Boy that’s above my pay grade…
But the Ubuntu “aggregate” command seem to take the approach to convert IP to int, in big endian, so normal compare operator work on these ints (e.g. called network byte order for a reason): https://git.launchpad.net/ubuntu/+source/aggregate/tree/aggregate.c
/* now hunt for adjacent entries that can be combined */
From the comment it seems thet the author reason the same way I do…
A lot of functions used on RouterOS don’t exist, on purpose I wrote “an algorithm that uses only functions present on RouterOS”…

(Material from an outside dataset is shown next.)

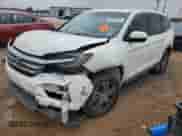 2017 Honda Pilot EX-L with VIN 5FNYF5H82HB014164, listed as a Copart auction lot 83812784 with 94,673 mi miles and Salvage title. Bid and sale history available at DreamBid. Image 1.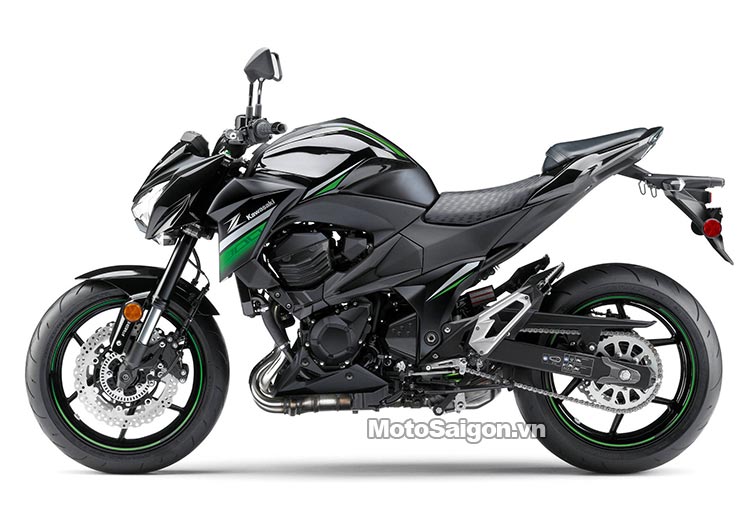 BMS 2014 Kawasaki Z800 806cc 111 mã lực 233kmh giá khoảng 13000 USD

Since I write something to aggregate /32 to /31 and /31 to /30, is a start to do a full aggregation, from /32 to /0.
As I already wrote, /9 can already be excessive, for not deplete uselessly the CPU must be ckecked a less number of bits.
LOL, well you start with...
I'm not even sure that's the best C example, I just know the answer involved converting to big endian. My thought is most algorithms in C (but NOT the code) can be model in RouterOS script so that's were I start when looking for an algorithm (not code)... e.g. some rextended script function that does some as c-runtime's ntohl(), and any C struct can be modeled as array maps 
I get your requirement for RouterOS script... But RouterOS script is NOT particular "fast" however, even if well-written. So I suspect starting a container to run some aggregation command would likely be much fast (e.g. efficient, in some definitions) than executing the amount of script code required. But then again that only be only true on ARM & V7...
Uhm…
- For the generic problem of aggregating prefixes...and your list large (thousands)... I'd bet on container**
** with Alpine or distroless, not starting a entire Ubuntu instance to do ip prefix aggregation
Each script line takes many milliseconds to execute and script goes through a lot of parsing. It's the lack of some ":toip-prefix" that adds even more since you'd like have to use the return//global/parse that reduce performance even more. It would not be your script code... 
Since I'm guessing there is implict requirement of V6 and all platforms...
I'm sure script can do it & not sure of a better way than what you describe without seeing code.